Then I watched in shock as O.J. and A. C. Cowlings went into a back room and traded clothes in an attempt to mask their identities. I thought that was so weird. I mean, they were both wearing suits. How different can your suit be at a funeral? But they took off in their exchanged apparel, and Robert and O.J. drove off. God only knows where they were going.
The next day, June 17, was the day of the infamous low-speed, two-hour Bronco chase, when O.J. fled Robert’s house in Encino with A. C. Cowlings driving just before the police arrived to arrest him. Before news of the chase came on television, Bruce and I were sitting in our den in Beverly Hills. Before the chase began, two detectives, one of whom was Philip Vannatter, called the house. I picked up the phone, and Vannatter, the lead detective on the case, told me that O.J. had taken the Bronco and was missing.
“Do you know where he is?” he asked.
“Me?” I asked. “Why would I know where he is?”
“Well, Bruce has a plane,” he said. “We thought maybe he was with Bruce.”
“No, Bruce is sitting right here,” I answered.
“Can we talk to Bruce?” he said. He wanted to make sure I was telling the truth. Once they confirmed Bruce was with me, Vannatter asked me, “O.J.’s not there, is he?”
“No, O.J.’s not here,” I answered.
A short time later we were watching TV when the regularly scheduled programming was interrupted by a special report. The screen showed O.J.’s white Bronco speeding down the 405 Freeway.

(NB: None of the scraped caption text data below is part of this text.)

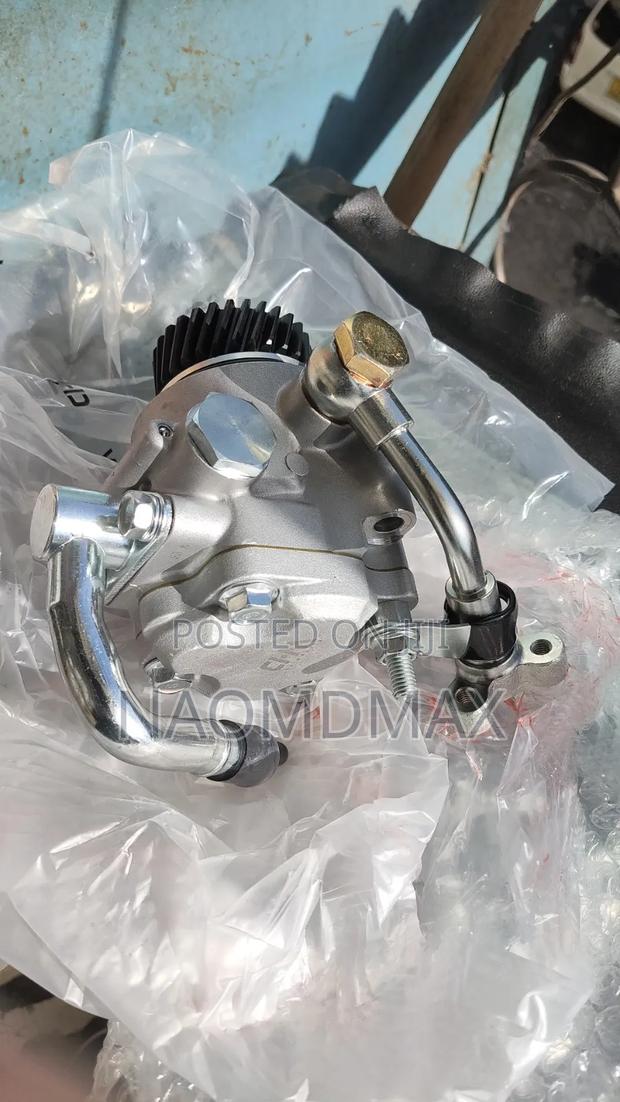 Power Steering Pump Isuzu Dmax 2019 - main view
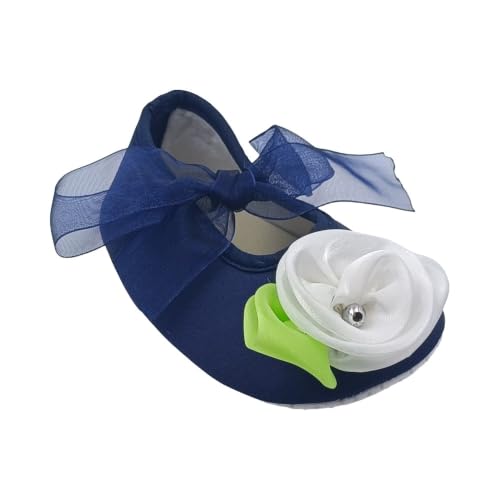 Image of Rsmart Baby Boys & Girls Flower Shoes, Stylish Comfortable Casual Shoes for Kids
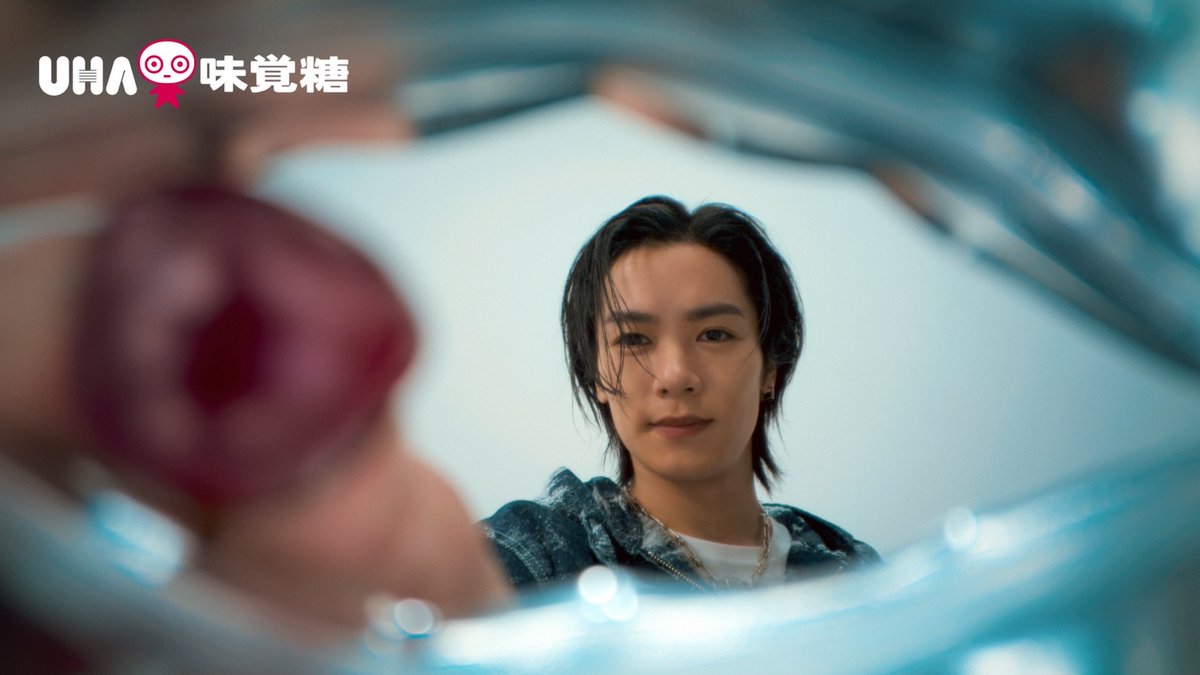 THE RAMPAGE 川村壱馬が早口攻撃に挑戦🍬🗣️ ⏬UHA味覚糖「#コロロ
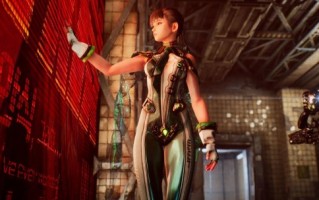 《星刃》的导演穷得上不起大学，买了PS1的《FF》激励他打游戏。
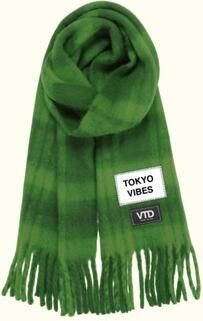 Verb To Do Sjaal TOKIO VIBES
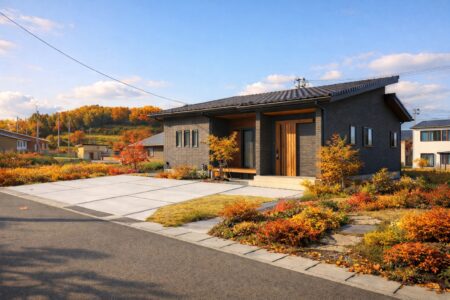 🍁10月に考えたい、これからのお家づくり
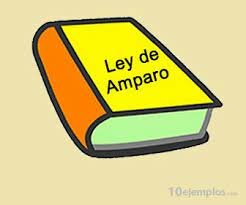 Antecedentes en México LEY DE AMPARO REGLAMANTERIA DE LOS ARTÍCULOS 103 Y 107 DE LA CONSTITUCIÓN POLÍTICA DE LOS ESTADOS UNIDOS MEXICANOS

The LAPD had ordered O.J. to turn himself in for the murders by eleven that morning. He kept delaying. When the police finally came to pick him up at Robert’s house, he was gone, along with A.C. I was sitting at home that evening when I turned on the TV and, along with everyone else, I couldn’t believe what I was watching: O.J. and A.C. in the white Bronco, helicopters overhead, filming their every move, in what everyone agreed looked like a getaway scene from a movie.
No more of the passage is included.